# [Data extracts]
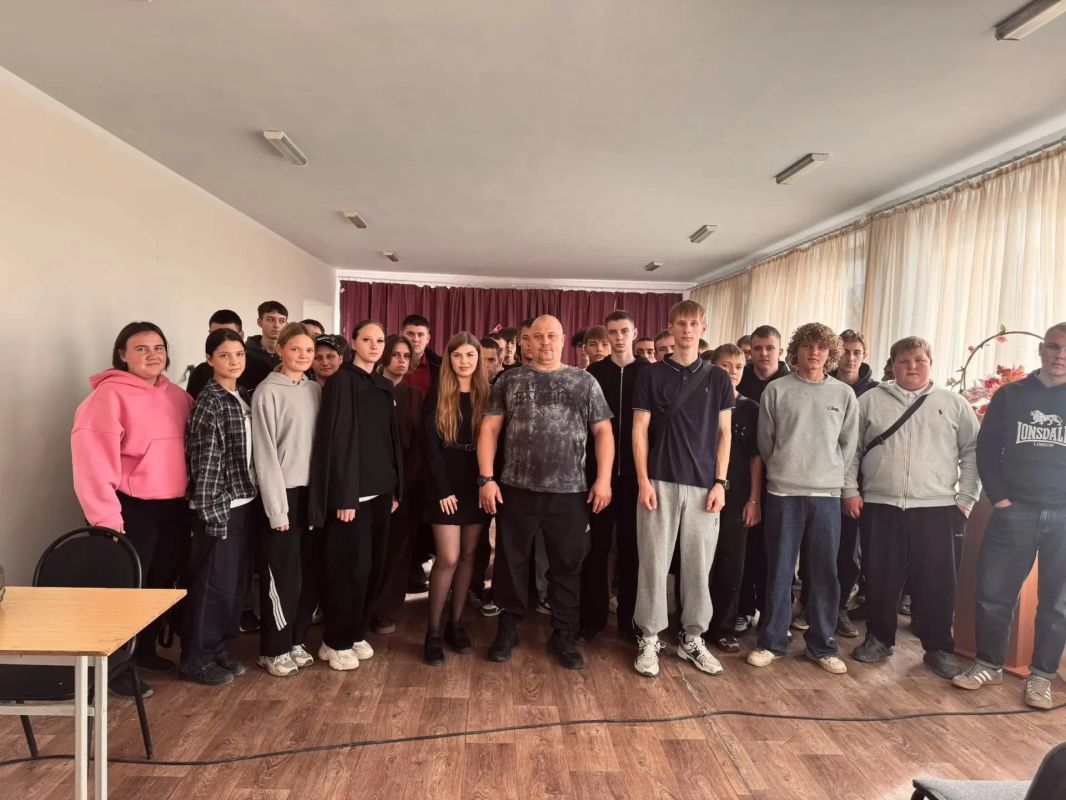 «Не ищи лёгких путей»: ветеран СВО поговорил со студентами Новосветловского аграрного колледжа «Не ищи лёгких путей»: ветеран СВО поговорил со студентами Новосветловского аграрного колледжа
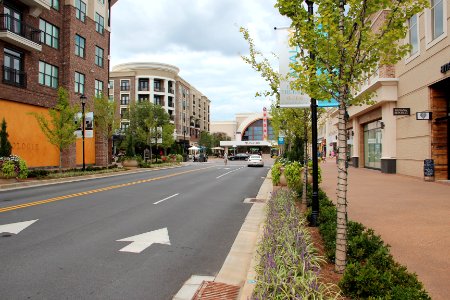 Avalon (Alpharetta, Georgia) September 2015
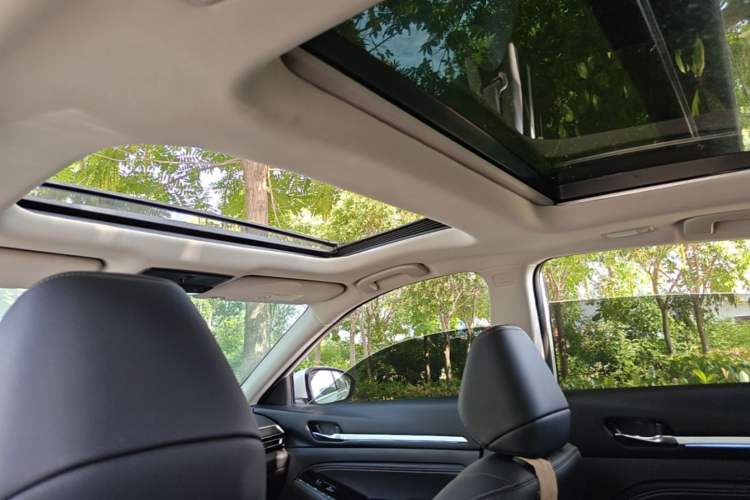 Used Nissan Teana 2022 2.0L XL-TLS Enjoyment Edition Headliner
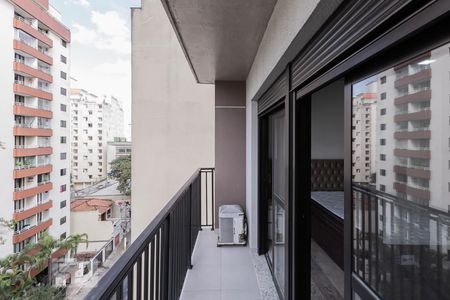 Varanda de kitnet/studio para alugar com 1 quarto, 30m² em Consolação, São Paulo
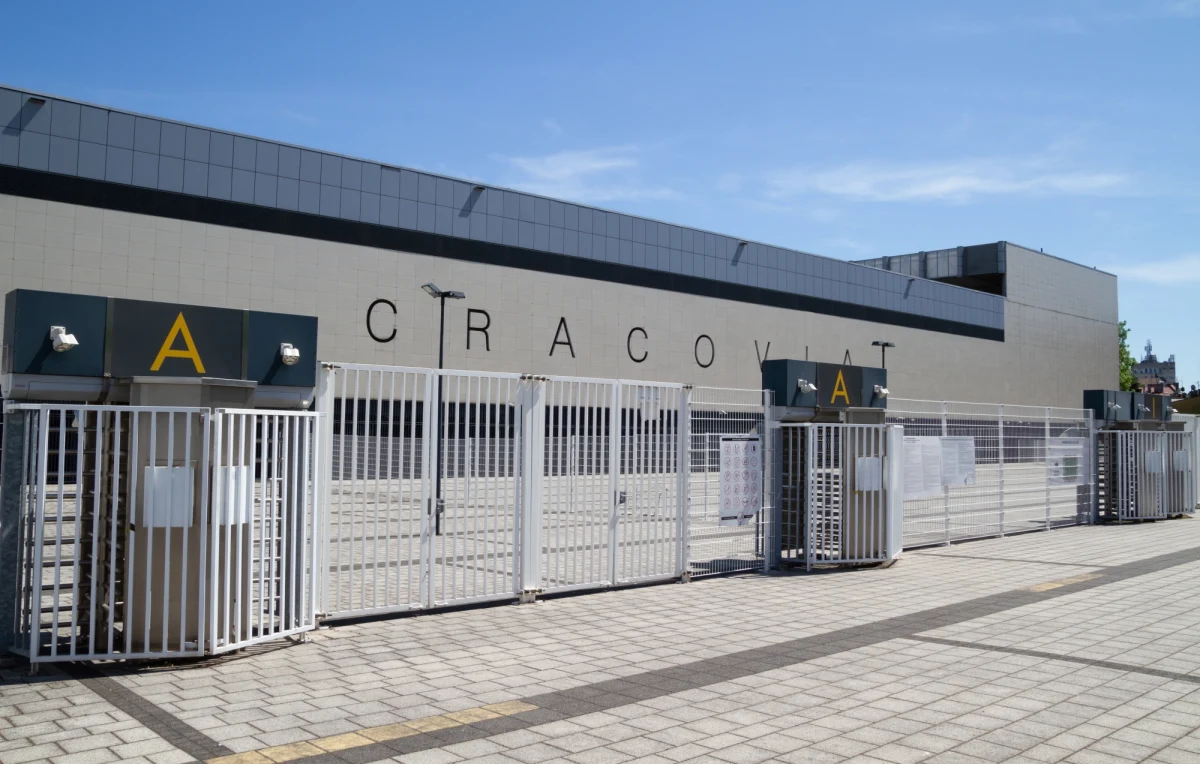 Dotychczasowy wiceprezes Cracovii Jakub Tabisz został zawieszony przez Radę Nadzorczą MKS Cracovia SSA na zgromadzeniu w dniu 25 listopada 2022 roku. Ma to związek z zarzutami prokuratorskimi działania na szkodę Polskiego Związku Piłki Nożnej.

# [Work required]
The data above are to be repeated word for word, with any pictures left out.

# [Solution below]
 «Не ищи лёгких путей»: ветеран СВО поговорил со студентами Новосветловского аграрного колледжа «Не ищи лёгких путей»: ветеран СВО поговорил со студентами Новосветловского аграрного колледжа
 Avalon (Alpharetta, Georgia) September 2015
 Used Nissan Teana 2022 2.0L XL-TLS Enjoyment Edition Headliner
 Varanda de kitnet/studio para alugar com 1 quarto, 30m² em Consolação, São Paulo
 Dotychczasowy wiceprezes Cracovii Jakub Tabisz został zawieszony przez Radę Nadzorczą MKS Cracovia SSA na zgromadzeniu w dniu 25 listopada 2022 roku. Ma to związek z zarzutami prokuratorskimi działania na szkodę Polskiego Związku Piłki Nożnej.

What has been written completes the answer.